Monday, September 28, 2015

what the Oklahoma City Bombing means to us

 Oklahoma City Bombing Memorial

Posted: Sunday, April 19, 2015 10:18 pm
It’s not fair for us, a group of college students, to pretend to understand the pain of April 19, 1995. Even those of us who grew up in this state cannot act like we fully comprehend what it means. But maybe the beauty from these ashes, the sermon in this tragedy, is that not only do we all know of this event, we all know someone who knows better than us.

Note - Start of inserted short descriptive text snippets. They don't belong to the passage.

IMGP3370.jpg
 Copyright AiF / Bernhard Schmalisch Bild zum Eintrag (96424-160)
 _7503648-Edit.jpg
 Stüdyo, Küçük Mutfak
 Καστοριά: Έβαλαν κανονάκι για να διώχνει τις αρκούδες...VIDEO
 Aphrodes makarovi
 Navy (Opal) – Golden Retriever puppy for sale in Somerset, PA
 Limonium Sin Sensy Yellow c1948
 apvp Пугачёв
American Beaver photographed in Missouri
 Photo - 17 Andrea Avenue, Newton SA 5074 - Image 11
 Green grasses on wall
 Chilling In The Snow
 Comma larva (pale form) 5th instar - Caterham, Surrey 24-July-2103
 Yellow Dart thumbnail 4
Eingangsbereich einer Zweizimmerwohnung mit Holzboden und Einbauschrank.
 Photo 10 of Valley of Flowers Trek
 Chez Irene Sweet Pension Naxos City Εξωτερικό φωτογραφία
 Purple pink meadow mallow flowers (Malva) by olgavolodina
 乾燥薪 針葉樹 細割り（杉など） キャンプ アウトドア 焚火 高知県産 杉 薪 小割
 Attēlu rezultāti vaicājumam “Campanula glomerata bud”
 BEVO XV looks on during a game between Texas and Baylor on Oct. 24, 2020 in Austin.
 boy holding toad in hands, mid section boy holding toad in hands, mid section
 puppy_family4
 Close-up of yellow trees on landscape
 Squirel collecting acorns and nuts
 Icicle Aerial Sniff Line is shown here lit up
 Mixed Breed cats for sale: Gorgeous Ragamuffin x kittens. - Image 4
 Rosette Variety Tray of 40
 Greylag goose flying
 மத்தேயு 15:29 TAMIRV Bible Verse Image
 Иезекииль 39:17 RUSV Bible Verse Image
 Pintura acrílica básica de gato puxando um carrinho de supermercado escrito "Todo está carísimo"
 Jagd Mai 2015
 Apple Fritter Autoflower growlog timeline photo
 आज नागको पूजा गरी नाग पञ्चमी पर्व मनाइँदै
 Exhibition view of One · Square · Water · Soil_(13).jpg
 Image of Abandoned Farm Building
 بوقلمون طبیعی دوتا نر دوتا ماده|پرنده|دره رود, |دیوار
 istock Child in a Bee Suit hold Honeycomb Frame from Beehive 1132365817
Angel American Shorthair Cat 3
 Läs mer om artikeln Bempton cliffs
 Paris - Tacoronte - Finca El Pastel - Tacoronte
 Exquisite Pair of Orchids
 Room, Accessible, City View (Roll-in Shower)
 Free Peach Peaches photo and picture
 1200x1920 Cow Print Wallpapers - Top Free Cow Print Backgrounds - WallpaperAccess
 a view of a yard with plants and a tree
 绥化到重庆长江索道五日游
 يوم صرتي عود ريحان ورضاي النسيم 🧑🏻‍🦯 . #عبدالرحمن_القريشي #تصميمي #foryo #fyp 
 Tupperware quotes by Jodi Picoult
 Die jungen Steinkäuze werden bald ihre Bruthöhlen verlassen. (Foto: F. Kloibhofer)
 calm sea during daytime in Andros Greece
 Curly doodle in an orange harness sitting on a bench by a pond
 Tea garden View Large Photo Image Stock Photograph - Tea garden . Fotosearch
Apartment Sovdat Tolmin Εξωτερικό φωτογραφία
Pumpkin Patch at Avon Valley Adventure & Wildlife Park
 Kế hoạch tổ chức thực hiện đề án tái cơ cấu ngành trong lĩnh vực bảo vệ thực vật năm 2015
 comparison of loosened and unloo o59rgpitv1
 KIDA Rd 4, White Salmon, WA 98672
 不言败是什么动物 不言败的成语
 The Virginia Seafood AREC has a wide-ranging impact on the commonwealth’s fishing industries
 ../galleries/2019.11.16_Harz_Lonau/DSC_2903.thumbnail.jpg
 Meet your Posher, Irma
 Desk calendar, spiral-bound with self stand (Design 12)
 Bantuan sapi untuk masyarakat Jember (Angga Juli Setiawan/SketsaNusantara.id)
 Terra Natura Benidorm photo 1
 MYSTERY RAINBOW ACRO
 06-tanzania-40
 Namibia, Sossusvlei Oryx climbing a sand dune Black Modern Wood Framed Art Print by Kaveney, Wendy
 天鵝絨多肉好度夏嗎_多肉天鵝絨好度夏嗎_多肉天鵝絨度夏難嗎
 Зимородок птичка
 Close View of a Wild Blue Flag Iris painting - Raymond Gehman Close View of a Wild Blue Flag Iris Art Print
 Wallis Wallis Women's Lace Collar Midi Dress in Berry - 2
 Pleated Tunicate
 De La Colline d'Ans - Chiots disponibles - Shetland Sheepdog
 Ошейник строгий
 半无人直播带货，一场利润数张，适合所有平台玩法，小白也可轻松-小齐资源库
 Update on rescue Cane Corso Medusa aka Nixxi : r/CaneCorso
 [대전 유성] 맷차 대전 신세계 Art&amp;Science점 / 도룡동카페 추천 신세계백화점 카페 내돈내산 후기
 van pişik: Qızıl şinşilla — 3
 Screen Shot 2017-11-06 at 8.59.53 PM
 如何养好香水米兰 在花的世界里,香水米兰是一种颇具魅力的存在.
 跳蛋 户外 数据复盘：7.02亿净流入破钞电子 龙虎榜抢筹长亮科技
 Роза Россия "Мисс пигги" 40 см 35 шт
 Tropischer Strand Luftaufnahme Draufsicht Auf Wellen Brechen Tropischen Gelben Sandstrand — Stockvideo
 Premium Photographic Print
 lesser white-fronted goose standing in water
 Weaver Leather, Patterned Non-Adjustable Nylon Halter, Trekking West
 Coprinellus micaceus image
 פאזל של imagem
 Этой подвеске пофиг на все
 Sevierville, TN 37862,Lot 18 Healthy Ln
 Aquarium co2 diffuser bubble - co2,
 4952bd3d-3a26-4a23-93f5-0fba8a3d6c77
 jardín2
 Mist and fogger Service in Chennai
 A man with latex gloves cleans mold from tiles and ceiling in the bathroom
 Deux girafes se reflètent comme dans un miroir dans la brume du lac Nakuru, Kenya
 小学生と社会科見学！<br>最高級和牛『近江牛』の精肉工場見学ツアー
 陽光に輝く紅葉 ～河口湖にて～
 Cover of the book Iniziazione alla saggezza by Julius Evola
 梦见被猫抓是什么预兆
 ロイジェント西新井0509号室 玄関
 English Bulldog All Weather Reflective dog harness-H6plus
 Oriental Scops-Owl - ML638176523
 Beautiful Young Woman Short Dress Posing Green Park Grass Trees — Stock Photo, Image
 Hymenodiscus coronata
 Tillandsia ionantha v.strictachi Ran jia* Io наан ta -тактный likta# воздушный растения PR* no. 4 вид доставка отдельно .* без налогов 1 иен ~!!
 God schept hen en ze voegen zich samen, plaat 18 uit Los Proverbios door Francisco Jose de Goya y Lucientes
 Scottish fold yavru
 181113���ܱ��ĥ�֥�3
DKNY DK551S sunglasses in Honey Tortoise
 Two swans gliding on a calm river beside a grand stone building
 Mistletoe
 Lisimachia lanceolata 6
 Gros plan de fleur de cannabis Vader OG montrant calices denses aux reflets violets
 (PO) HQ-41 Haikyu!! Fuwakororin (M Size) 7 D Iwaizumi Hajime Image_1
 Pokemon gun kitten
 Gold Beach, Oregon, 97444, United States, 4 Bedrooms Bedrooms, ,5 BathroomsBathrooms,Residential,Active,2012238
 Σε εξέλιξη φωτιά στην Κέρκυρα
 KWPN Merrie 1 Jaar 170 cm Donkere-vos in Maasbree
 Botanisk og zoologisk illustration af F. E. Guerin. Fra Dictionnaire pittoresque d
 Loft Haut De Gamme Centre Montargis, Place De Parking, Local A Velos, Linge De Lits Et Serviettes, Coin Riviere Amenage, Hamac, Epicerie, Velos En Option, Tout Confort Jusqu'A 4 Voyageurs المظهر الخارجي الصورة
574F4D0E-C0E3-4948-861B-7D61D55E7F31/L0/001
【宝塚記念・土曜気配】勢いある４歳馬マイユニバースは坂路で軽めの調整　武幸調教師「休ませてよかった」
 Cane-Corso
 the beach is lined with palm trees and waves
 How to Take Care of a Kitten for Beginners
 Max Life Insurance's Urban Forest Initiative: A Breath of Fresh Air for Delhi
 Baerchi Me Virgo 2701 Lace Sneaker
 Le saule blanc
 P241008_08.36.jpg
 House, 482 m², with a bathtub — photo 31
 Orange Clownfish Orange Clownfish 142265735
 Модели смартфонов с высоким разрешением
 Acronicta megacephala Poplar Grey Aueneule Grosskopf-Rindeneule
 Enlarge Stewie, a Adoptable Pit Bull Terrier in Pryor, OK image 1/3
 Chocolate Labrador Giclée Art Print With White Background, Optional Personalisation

We might not feel to the degree that others feel, but we know the emotion and the importance behind commemorating the 20th anniversary of Oklahoma’s darkest hour.
We might not completely grasp how the bombing has shaped and changed this state, but every day we live in a place that has rebuilt and grown and transformed into the home we do know so well.
This is what the Oklahoma City Bombing means to us:
“My dad was a couple blocks from the building, and it was terrifying. He told me when I got older that the entire building he was working in shook. When I think of the bombing, it saddens my heart. Even though I’m lucky that I didn’t lose a loved one, I remember the tragic event along with those who did.”
— Rachael Maltby, photo editor

"I visited the Oklahoma City Bombing Memorial as a teenager on one of my first trips to Oklahoma with my family. When I began to fully understand what happened that day, I realized how strong the people of Oklahoma are. I have seen that proven time and time again, especially after the Moore Tornado in 2013. The people of Oklahoma are strong, caring and great."
— Paige Worley, digital editor

 “When the Oklahoma City bombing occurred on April 19, 1995, it shook both the state and the nation. At that time, it was the largest terrorist attack on U.S. soil. But what came from the horrifying experience continues to define Oklahomans today: Resiliency.”
— Tim Ahrens, sports editor

I didn’t grow up in Oklahoma, and I wasn’t even born by April 19, 1995. My mom was pregnant with me at the time and has told me how scared she was for the families of those inside the Alfred P. Murrah Federal Building. But that day, a different family came together as Oklahoman displayed strength, courage and love, unifying the state in a time of tragedy. I likely will never fully comprehend what happened that day, but I am honored to be a part of this Oklahoma family that continues to show those same traits 20 years later.”
— Nathan Ruiz, assistant sports editor
I never cease to be amazed by how strong Oklahomans are. As someone who grew up in Dallas, I had limited knowledge of the OKC bombing. My reaction to gathering knowledge of what happened and what followed was a familiar feeling. It’s the same way I felt when I saw Oklahoma come together following the second Moore tornado and when OSU united to honor a pair of fallen Cowboys. After tragedy, Oklahomans only know how to come together and help each other rebuild. As former President Bill Clinton said, “… we should all live by the Oklahoma Standard — service, honor, kindness.”
— Kieran Steckley, chief content editor
 “I was only 2 when a bomb went off near the Alfred P. Murrah building in Oklahoma City. I don’t remember where I was or what I was doing, but I do have memories of growing up with people who do.
“My earliest memory of the tragedy comes from when I was 8. Living in Edmond, my parents’ landlords told me how their house shook from the explosion. What I remember most from the story is how quickly they reached out to help victims and their families. They weren’t trained first responders, and they didn’t know anyone affected by the bombing. They were just average residents who wanted to help their neighbors. I’ve come to learn this kind of reaction is the norm, not the outlier.
“For all of our faults, we will always look after each other in times of need.”
— Kassie McClung, managing editor
“Growing up in Oklahoma, I’ve been reminded of the despicable tragedy that occurred on April 19, 1995, every year for as long as I can remember. The details still faze me. The photos are still jarring, and I am still unable to visit the memorial without tearing up. The tragedy still breaks my heart. Each year, the anniversary also serves as a humble reminder to cherish the moments I have with my family and friends and never take those moments for granted. It’s also an opportunity for me to reflect on the strength of my city as I’ve watched it grow and bounce back over the 20 years of my life.  I am proud to be from such a resilient community, and I will never forget.”
Kaelynn Knoernschild, news editor

“I was not even 2 years old and had no concept of what suffering was when 168 people died as a result of another man’s madness. I didn’t know much about the events of that day and what happened in the aftermath until I came to Oklahoma three years ago.
“Since, I’ve come to know incredible people whose lives have been impacted by that day. I’ve lived for a summer in Oklahoma City, seen and experienced the beautiful place that has risen from the rubble. Those 168 are not forgotten. They are everywhere. The memory of the bombing and those who died that day is omnipresent.”